La conversación fue tomando un derrotero aleatorio y hablamos de muchas cosas, entre ellas del problema en que van a encontrarse los historiadores del futuro cuando ya no cuenten con hojas escritas de correspondencia. Según Chartier el avance de internet y del correo virtual va a provocar un caos en la investigación futura cuya gravedad todavía es difícil discernir. “¡Claro!”, dije yo entonces, “¡a fin de cuentas los correos no son más que empresas de transporte!”. Chartier, que habla un español impecable y castizo, me señaló con el índice y dijo: “¡Muy interesante eso!”.

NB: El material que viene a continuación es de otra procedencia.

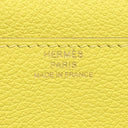 エルメス HERMES コンスタンス ロング トゥー ゴー ライム エバーカラー 長財布 ゴールド金具 黄色 二つ折り財布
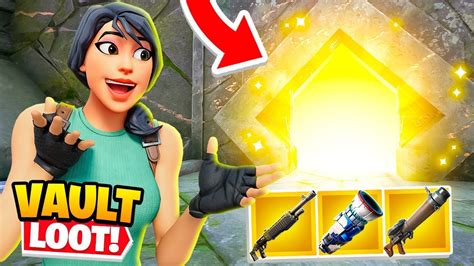 The VAULT LOOT ONLY Challenge In Fornite Fortnite Foryou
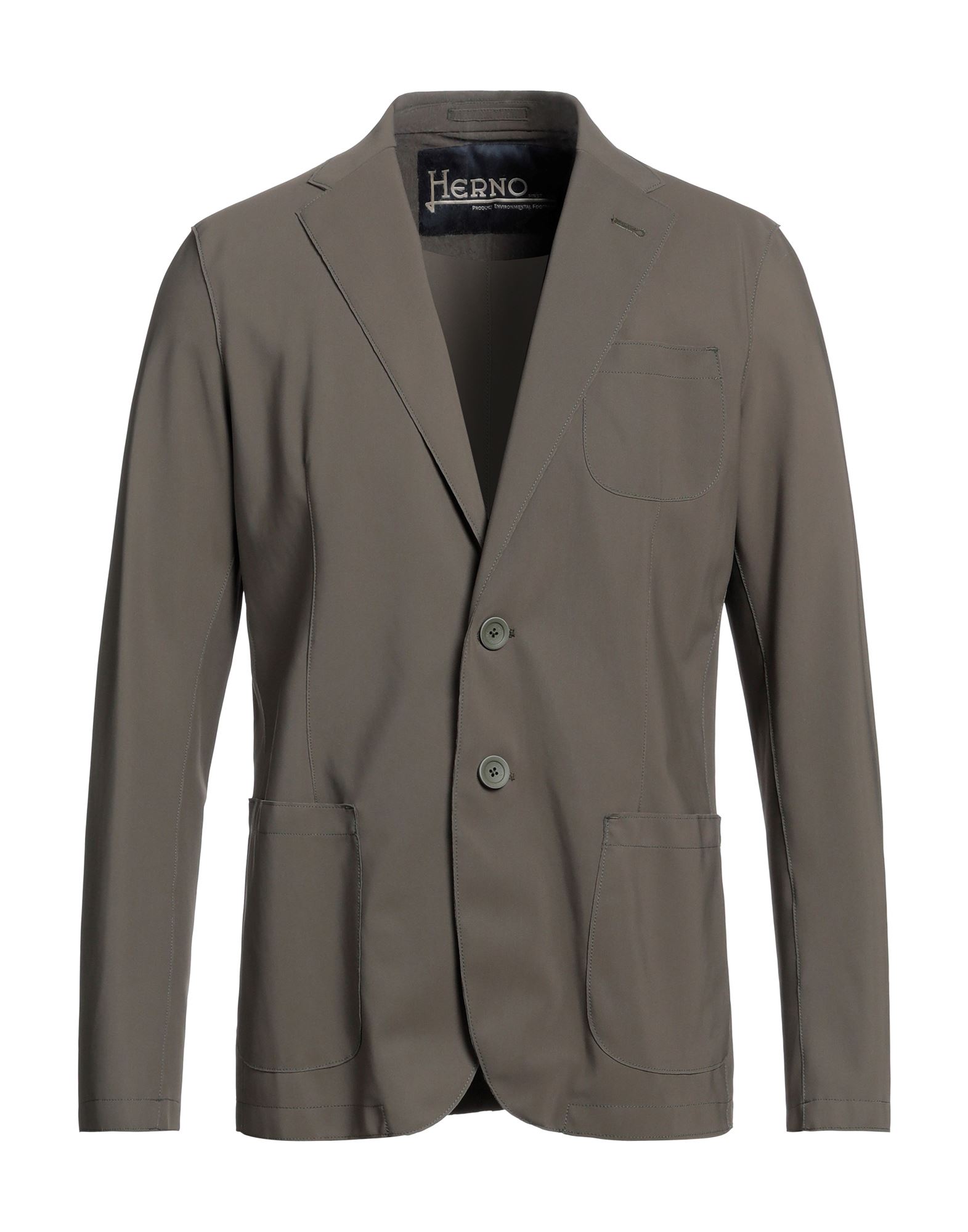 Herno Suit Jackets In Green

Y nunca dejaba de garabatear esos signos raros, todos con aspecto de cuadrado o triángulos: cuadrados partidos a la mitad, cuadrados con una cruz en el medio, triángulos inconclusos, triángulos concluidos... Cuando los técnicos terminaron entramos en acción, nos sentamos y comenzamos la entrevista. Y como habíamos hablado de aquello hacía un rato le pregunté por el papel de la mujer en la historia de la literatura. Yo notaba que Chartier no dejaba ahora de mirar cada tato el papelito que había escrito y que ahora tenía delante, sobre la mesa. Por algún extraño mecanismo, la conversación que habíamos mantenido hacía apenas media hora fue repitiéndose puntillosamente. Al punto que llegado un momento me vi obligado a repetir: ““¡Claro, a fin de cuentas los correos no son más que empresas de transporte!”, a lo que Chartier, por segunda vez, señalándome con el dedo, respondió: “¡Muy interesante eso!”
Al terminar le pregunté qué era eso que había estado escribiendo durante toda la primera charla y él me explicó que era un sistema mnemotécnico que había inventado junto a tres compañeros de facultad, a mediados de los 60. Era infalible, me dijo, y ellos eran los únicos cuatro que lo usaban en el mundo.